La vita di Tess verrà segnata dall’incontro con Alec d’Urberville, bello, ricco e potente, il seduttore che cercherà di manipolarla, incantandola e portandola sulla strada sbagliata,un uomo al quale la giovane sembra legata da un vincolo più forte della disperazione e di ogni sentimento.  Sarà l’inizio della fine della giovane vita di Tess che la porterà a crescere troppo in fretta. Dalle continue e maliziose vessazioni si arriverà addirittura allo stupro, tragedia che condannerà il futuro di Tess.

Dall’altra parte l’incontro con Angel Clare, amore di gioventù appena intravisto, a lungo sognato, posseduto, perduto e ritrovato, che sarà un piccolo spiraglio di felicità per la ragazza. Tess, sentiti per la prima volta i sintomi dell’amore, si appoggerà completamente a lui, affidandogli non solo il suo cuore ma il proprio destino, arrivando a fare di tutto pur di non ferirlo e macchiare il suo nome.

Ma proprio quando la protagonista sembrava aver trovato la felicità, ecco trovato un insormontabile ostacolo: la macchia del passato “disonorato” dallo stupro. Il suo amore puro e disinteressato non le permetterà d’ingannare l’amato che, scoperta tale macchia, non riuscirà a perdonare la “colpa” della giovane donna (come se fosse una sua colpa!) e la lascerà in preda allo sconforto più totale.

Tess per tutto il racconto vivrà avvenimenti che la porteranno a logorarsi sempre di più senza avere la forza necessaria per lottare e opporsi bensì si lascerà andare alla mercè degli eventi.

Solo alla fine la giovane troverà la forza per un ultimo gesto violento e disperato per porre fine alle innumerevoli ingiustizie di cui è stata vittima.

Tess (Nastassja Kinski) nella trasposizione cinematografica del 1969, regia di Roman Polanski.
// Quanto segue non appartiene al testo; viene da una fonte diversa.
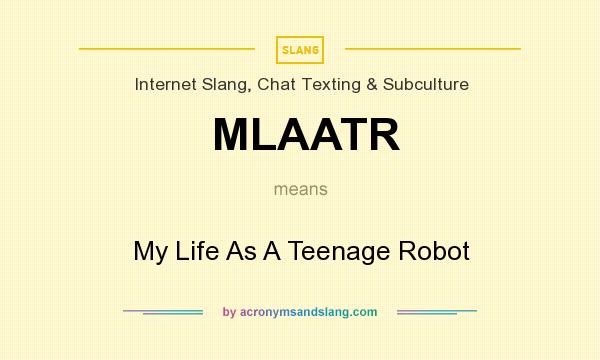 What does MLAATR mean? It stands for My Life As A Teenage Robot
Fonte: Claude Berri

Tess in definitiva è l’ultima eroina di fine Ottocento, ancora attualissima per la sua forza d’animo e la sua rettitudine, frutto di una personalità determinata e dolce, fragile e coraggiosa allo stesso tempo. Diventata vittima di un sistema più grande di lei, alla fine, in un modo certo del tutto “singolare”, senza alcuna pateticità, riesce almeno per una volta a prendere in mano la propria sorte, guardandola dritto in faccia, ormai senza paura.

Un romanzo pienamente attuale

Di forte impatto emotivo, Tess dei D’Uberville ha sin dalla sua pubblicazione diviso critica e lettori e allarmato schiere di bigotti e moralisti che inorridivano all’idea di una storia che colpiva al cuore la morale vittoriana. Definito come vile e a tratti pieno di falsità, il romanzo è stato anche esaltato come il più potente degli scritti di Hardy. In Tess il vettore del conflitto attraversa ogni pagina del libro, che affronta, senza alcun falso pudore, temi scabrosi e audaci.
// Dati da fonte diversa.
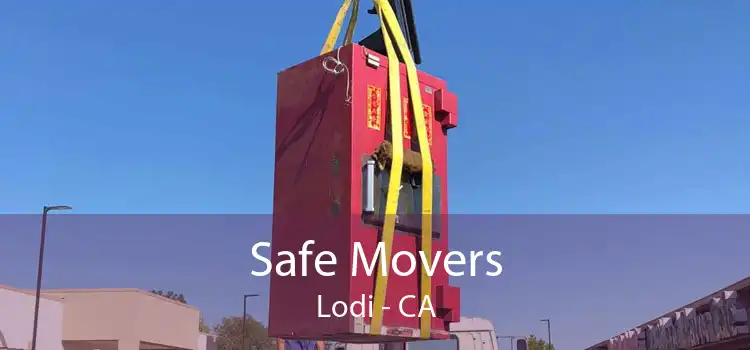 Safe Movers Lodi - CA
Anche in questo libro Hardy, mette in primo piano le debolezze umane, rendendole protagoniste nei volti dei personaggi, che sperando in una vita migliore si trovano a scontrarsi con un ostile fato.
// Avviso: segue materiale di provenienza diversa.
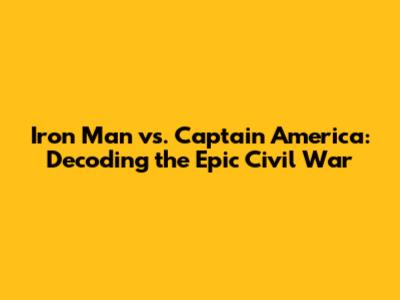 Iron Man vs. Captain America: Decoding the Epic Civil War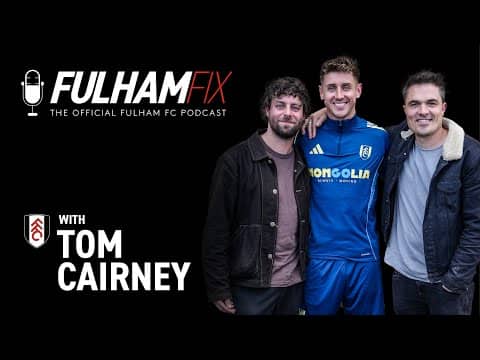 Fulham Fix Podcast | Episode 45 | Tom Cairney 🔟
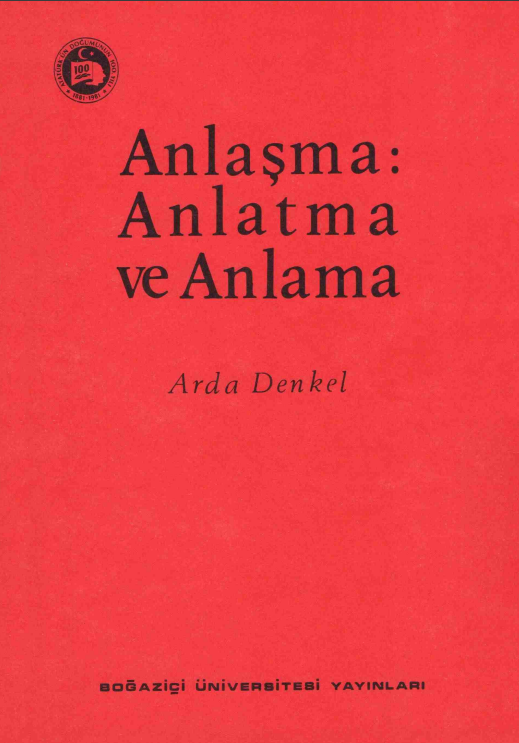 Anlaşma Anlatma ve Anlama PDF - Arda Denkel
Tess dei D’Uberville, edizione Fabbri Editori. Fonte: blog la spacciatrice di libri

Un libro che aiuta a riflettere su quanta strada abbiano fatto le donne, quante lotte e quanto vittorie conquistate. La storia mette in risalto – scatenando a tratti un senso di nausea – le disumane condizioni delle donne in epoca vittoriana, ritenute colpevoli anche quando erano vittime innocenti (situazione che viviamo ancora oggi), maltrattate solo perché donne.